» Given material
++++++++++++++++++++

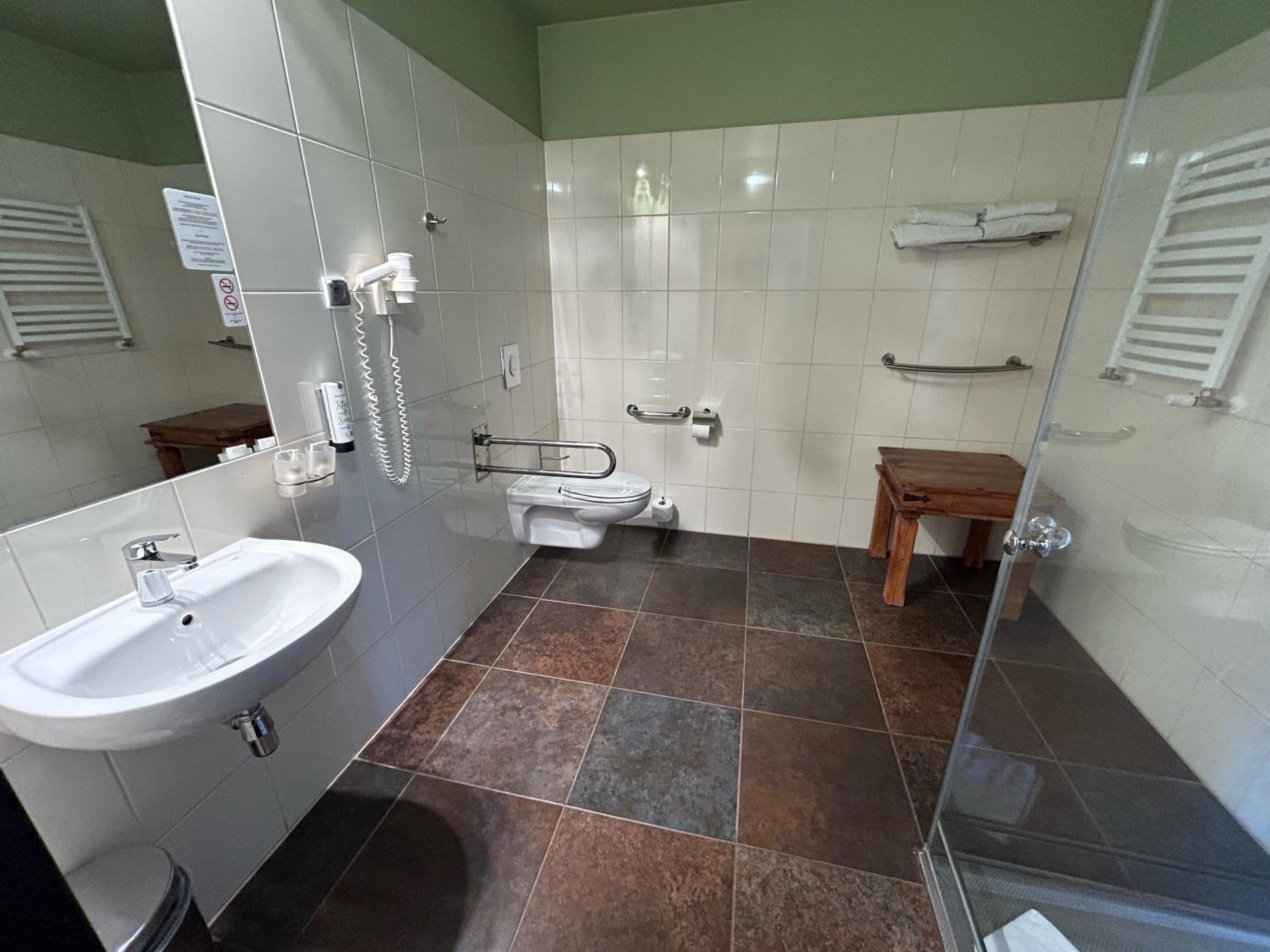 Double Room with Extra Bed - Photo 8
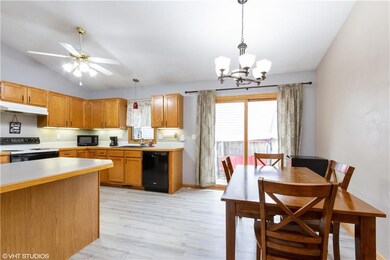 2201 Maish Ct, Des Moines, IA 50320 - photo 4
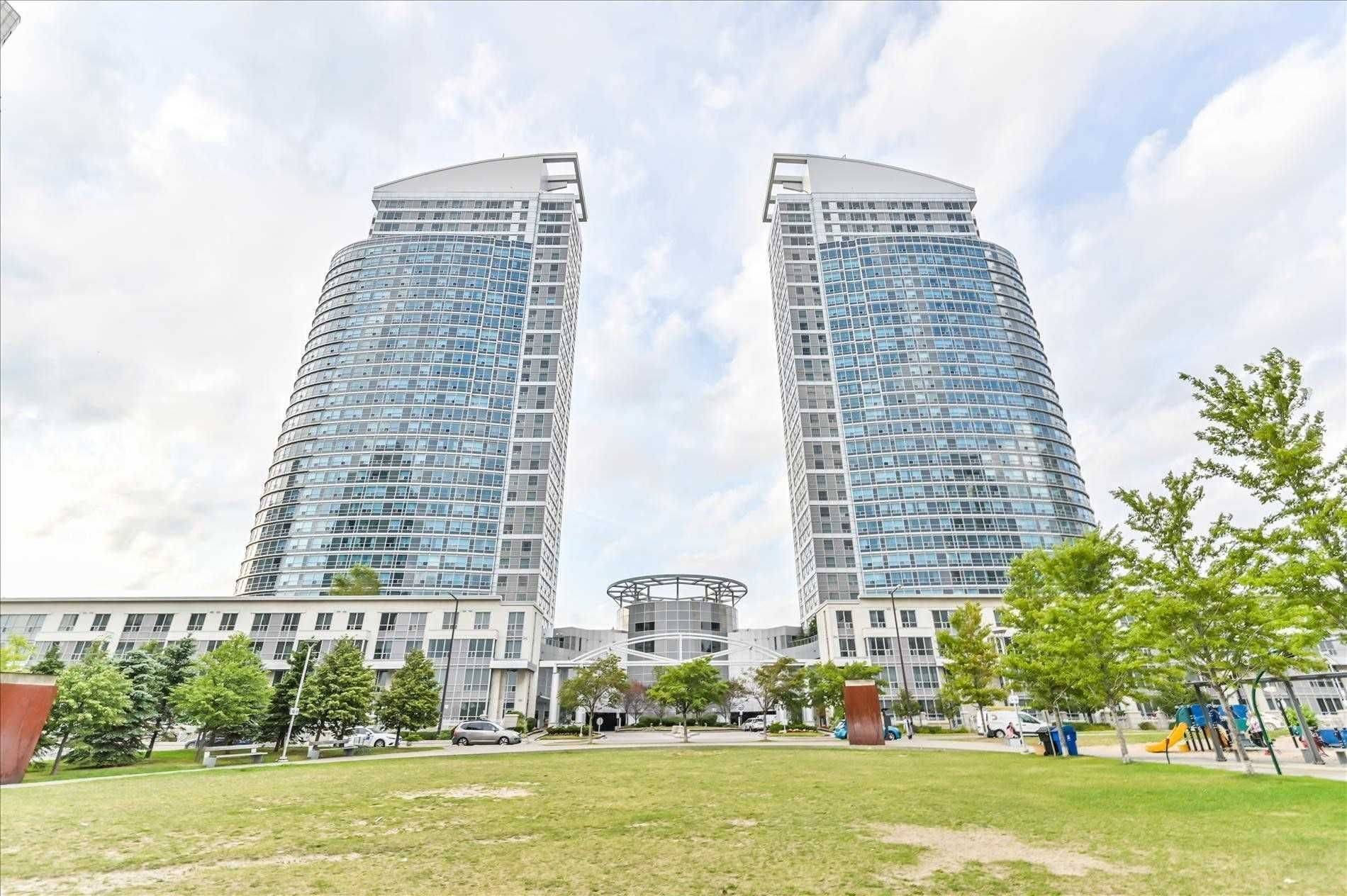 38 LEE CENTRE DR #1703, Toronto E09, ON M1H 3J7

++++++++++++++++++++

» Task requirements
From the first line to the last, return the material above exactly, apart from the pictures.

» Expected answer
 Double Room with Extra Bed - Photo 8
 2201 Maish Ct, Des Moines, IA 50320 - photo 4
 38 LEE CENTRE DR #1703, Toronto E09, ON M1H 3J7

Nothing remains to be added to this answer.